Task item
Pictures are not part of the copy; reproduce the remaining data exactly.

####################

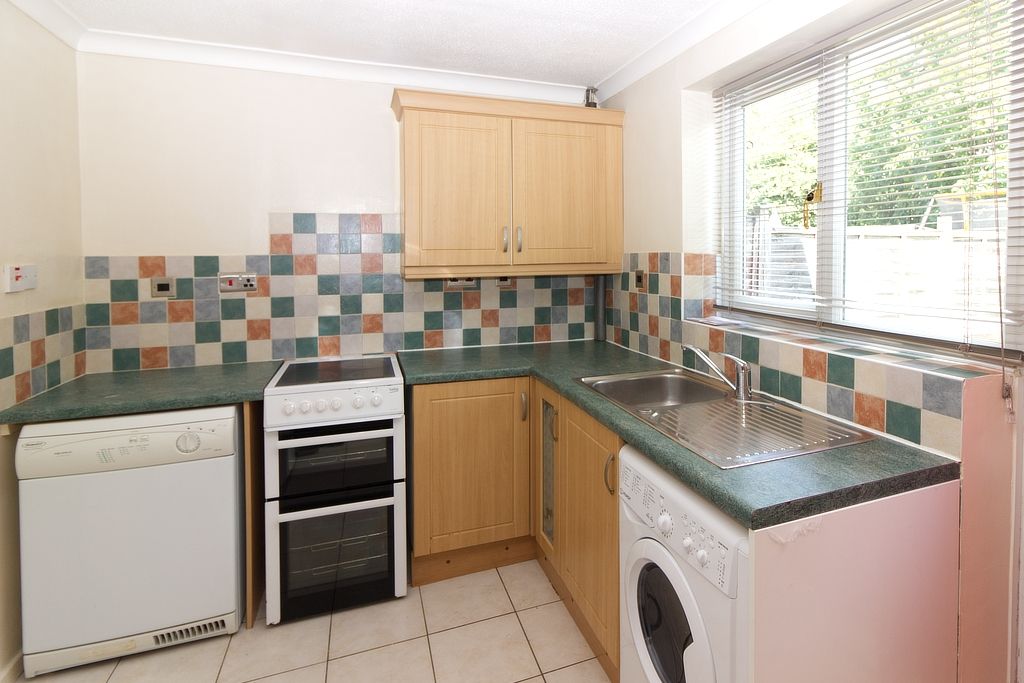 Property photo 2 of 12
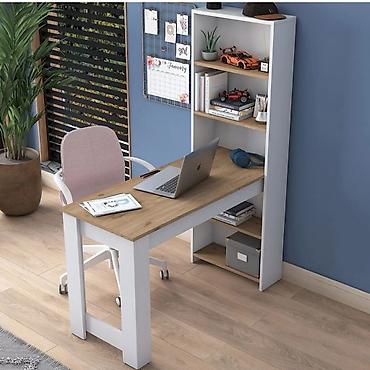 Masalar: Yazi masalari — 10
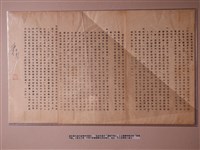 藏品(國民黨內部宣傳參考資料)的圖片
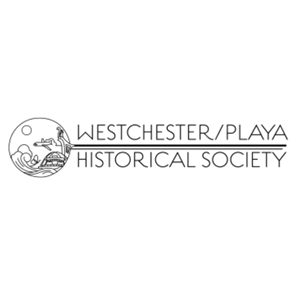 Westchester/Playa Del Rey Historical Society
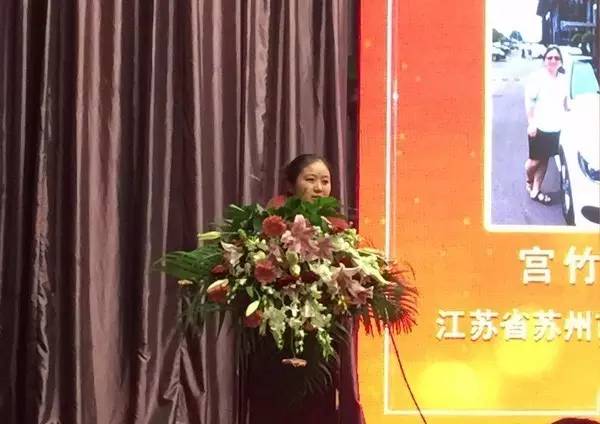 浙江省紹興市經(jīng)銷(xiāo)商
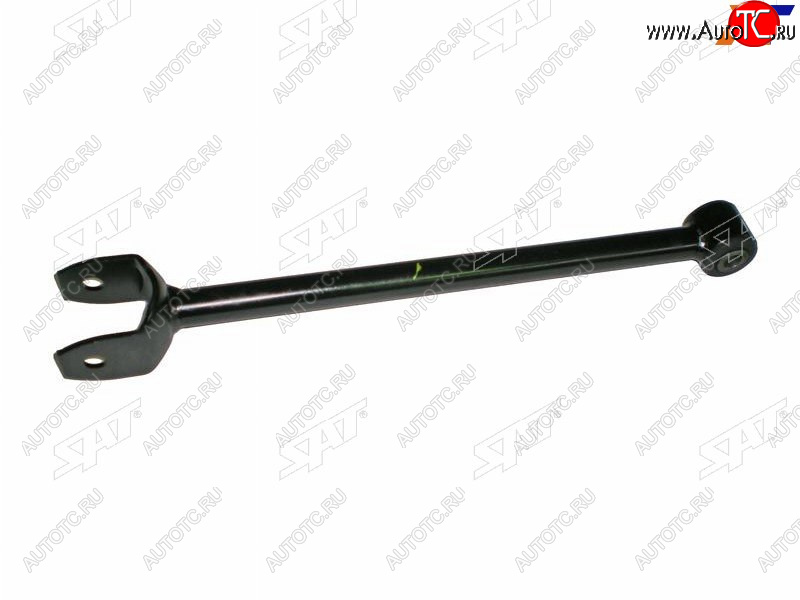 Тяга поперечная задней подвески TOYOTA MARK IICRESTACHASER 92-00 RR ST-48730-22041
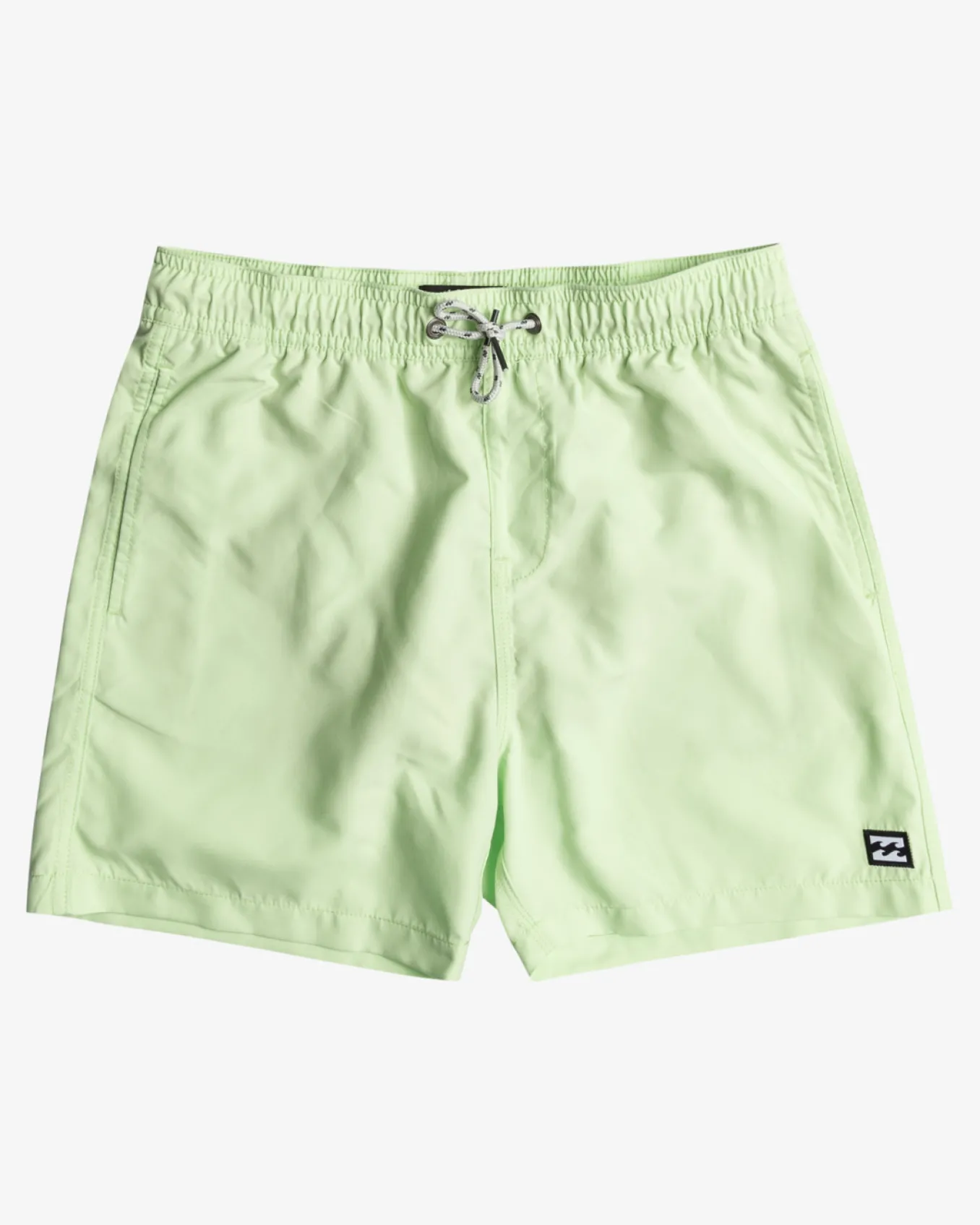 All Day Layback 16" - Calções de banho para Homem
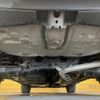 toyota harrier 2014 CFJ8316183 image 20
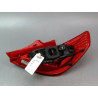 FEU ARRIERE GAUCHE  OPEL CORSA IV Phase 1 (D) 2006-2010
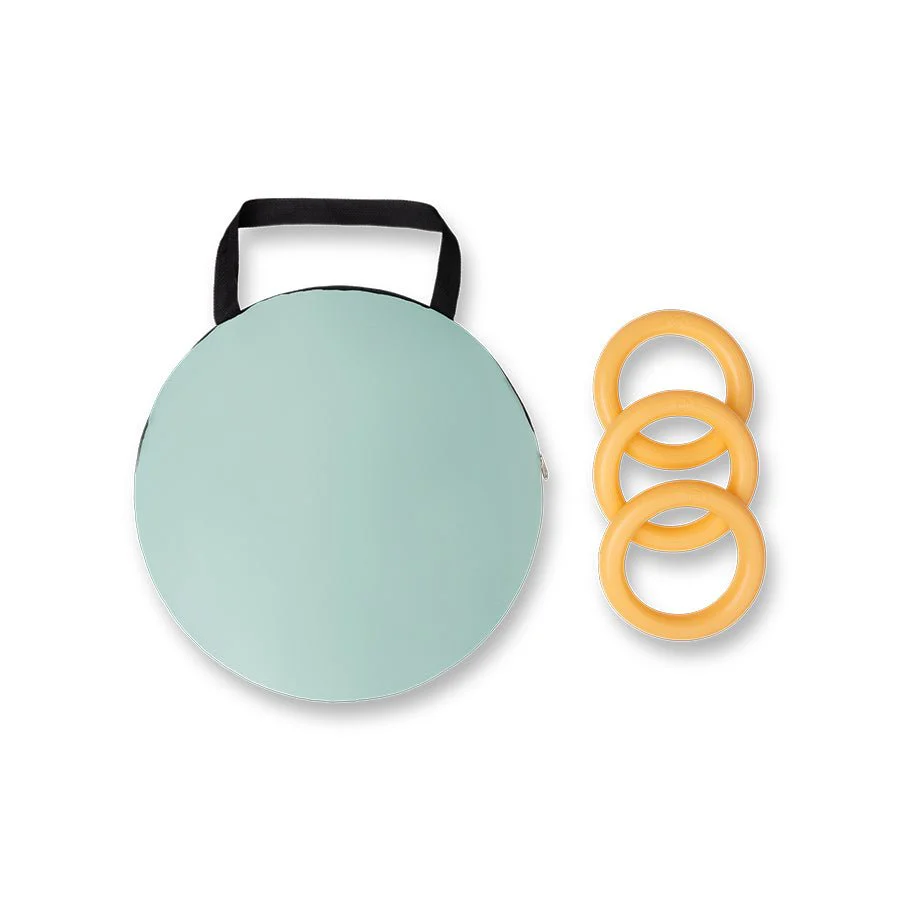 Swim Essentials Wild Life Opblaasbare Watersproeier - Image 3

####################

Problem solution
 Property photo 2 of 12
 Masalar: Yazi masalari — 10
 藏品(國民黨內部宣傳參考資料)的圖片
 Westchester/Playa Del Rey Historical Society
 浙江省紹興市經(jīng)銷(xiāo)商
 Тяга поперечная задней подвески TOYOTA MARK IICRESTACHASER 92-00 RR ST-48730-22041
 All Day Layback 16" - Calções de banho para Homem
 toyota harrier 2014 CFJ8316183 image 20
 FEU ARRIERE GAUCHE  OPEL CORSA IV Phase 1 (D) 2006-2010
 Swim Essentials Wild Life Opblaasbare Watersproeier - Image 3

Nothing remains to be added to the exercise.